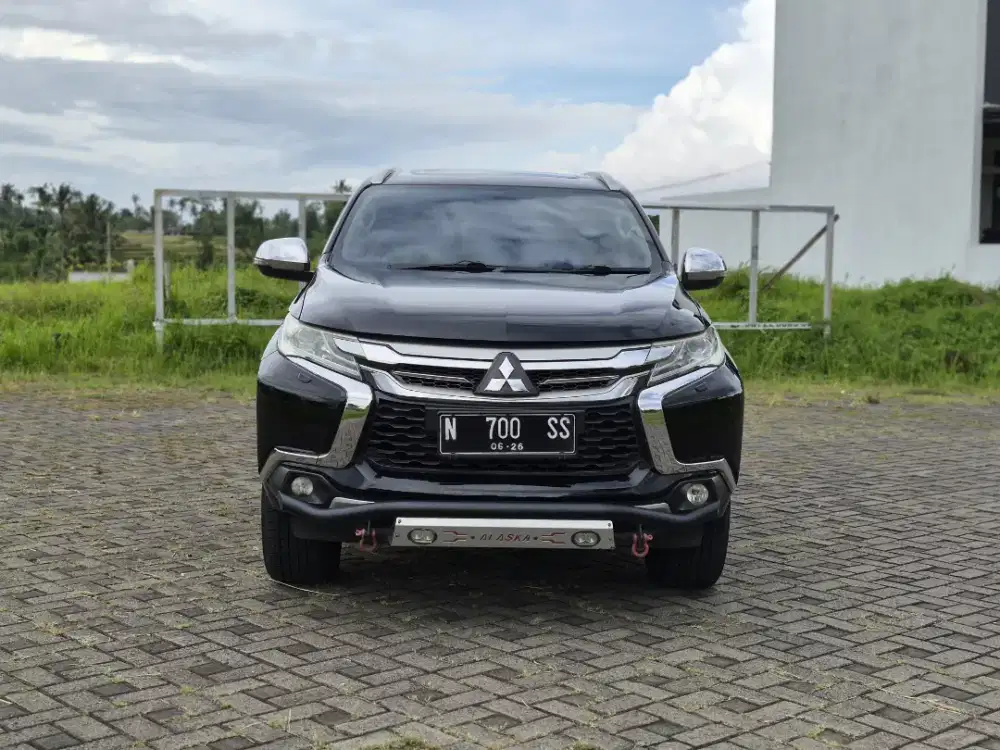 Mitsubishi Pajero Sport Dakar Matic Th: 2016 Original Istimewa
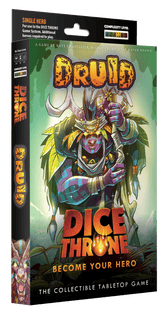 Dice Throne Board Games > Expansions DICE THRONE HERO PACK - DRUID 850065360836 DTI1422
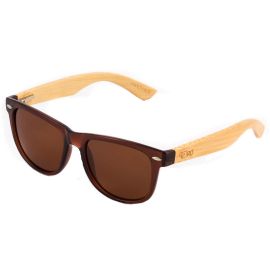 Ochelari de soare polarizati brate din bambus Pedro 1203-2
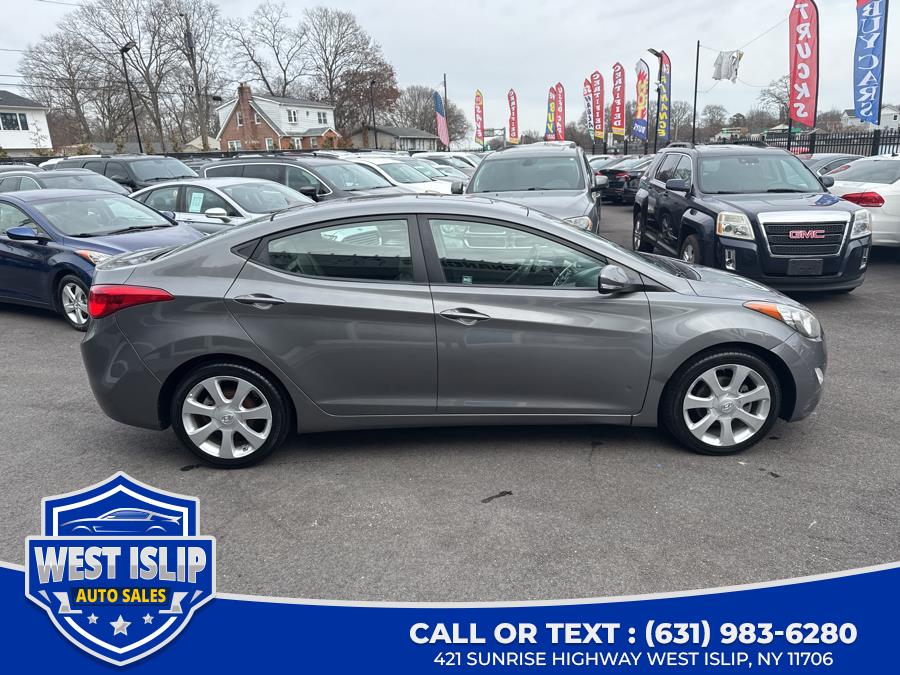 2013 Hyundai Elantra 4dr Sdn Auto Limited, available for sale in West Islip, New York | West Islip Auto Sales. West Islip, New York 2013 Hyundai Elantra 4dr Sdn Auto Limited, available for sale in West Islip, New York | West Islip Auto Sales. West Islip, New York
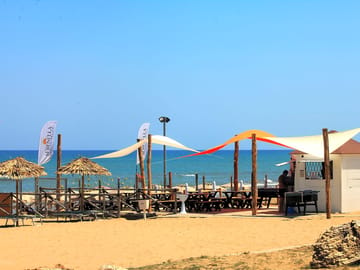 The bar at the beach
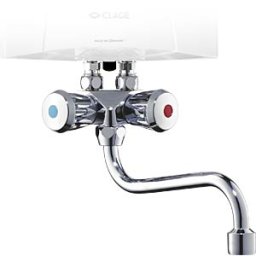 CLAGE 1100-04100 - CLAGE two-handle oversink tap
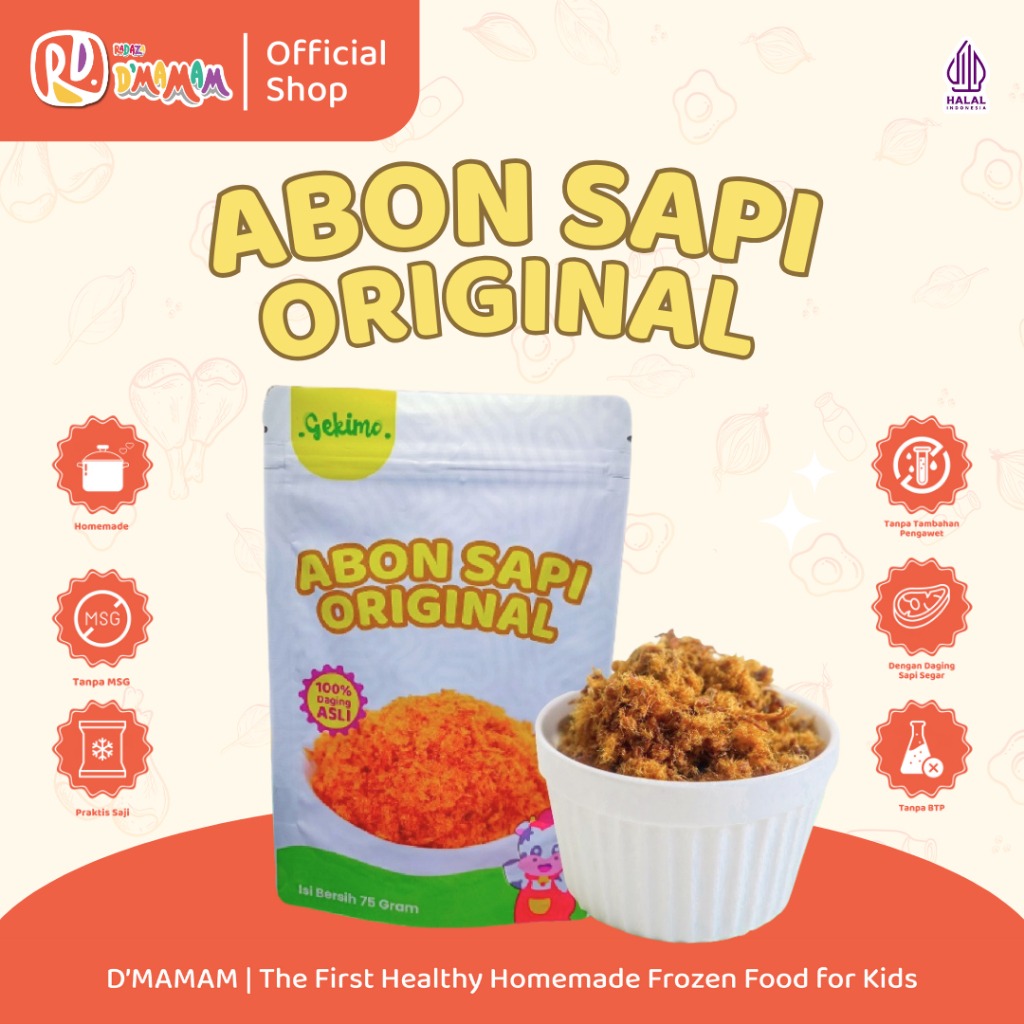 Abon Sapi Original 75gr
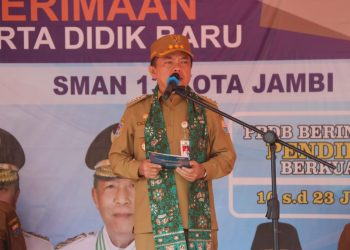 Gubernur Al Haris Tegaskan Panitia PPDB Harus Berintegritas dan Berkomitmen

### TASK TO CARRY OUT
Please restate the data word for word, leaving out any picture it holds.

### RESULT OF THIS EXERCISE
 Mitsubishi Pajero Sport Dakar Matic Th: 2016 Original Istimewa
 Dice Throne Board Games > Expansions DICE THRONE HERO PACK - DRUID 850065360836 DTI1422
 Ochelari de soare polarizati brate din bambus Pedro 1203-2
 2013 Hyundai Elantra 4dr Sdn Auto Limited, available for sale in West Islip, New York | West Islip Auto Sales. West Islip, New York 2013 Hyundai Elantra 4dr Sdn Auto Limited, available for sale in West Islip, New York | West Islip Auto Sales. West Islip, New York
 The bar at the beach
 CLAGE 1100-04100 - CLAGE two-handle oversink tap
 Abon Sapi Original 75gr
 Gubernur Al Haris Tegaskan Panitia PPDB Harus Berintegritas dan Berkomitmen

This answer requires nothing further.